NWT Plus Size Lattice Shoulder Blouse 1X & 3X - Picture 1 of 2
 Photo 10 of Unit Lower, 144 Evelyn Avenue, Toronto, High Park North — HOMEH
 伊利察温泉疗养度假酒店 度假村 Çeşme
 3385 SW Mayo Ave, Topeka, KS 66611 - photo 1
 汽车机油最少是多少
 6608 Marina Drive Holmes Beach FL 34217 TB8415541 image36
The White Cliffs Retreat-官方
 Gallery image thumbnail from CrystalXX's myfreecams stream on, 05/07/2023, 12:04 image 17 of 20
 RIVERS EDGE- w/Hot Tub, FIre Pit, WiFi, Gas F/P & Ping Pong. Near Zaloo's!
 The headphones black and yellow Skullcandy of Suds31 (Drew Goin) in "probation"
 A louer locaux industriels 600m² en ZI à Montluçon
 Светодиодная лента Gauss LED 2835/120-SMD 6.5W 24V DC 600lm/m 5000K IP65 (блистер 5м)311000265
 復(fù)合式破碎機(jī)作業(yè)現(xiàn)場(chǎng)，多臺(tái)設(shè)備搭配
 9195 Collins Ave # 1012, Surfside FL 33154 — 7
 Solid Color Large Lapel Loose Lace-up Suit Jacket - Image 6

* * * *

» **TASK TO COMPLETE**
Could you set down, exactly as written, the lines above between the one holding "The White Cliffs Retreat-官方" and the one holding "The headphones black", inclusive, and nothing more?

» **EXERCISE ANSWER**
The White Cliffs Retreat-官方
 Gallery image thumbnail from CrystalXX's myfreecams stream on, 05/07/2023, 12:04 image 17 of 20
 RIVERS EDGE- w/Hot Tub, FIre Pit, WiFi, Gas F/P & Ping Pong. Near Zaloo's!
 The headphones black and yellow Skullcandy of Suds31 (Drew Goin) in "probation"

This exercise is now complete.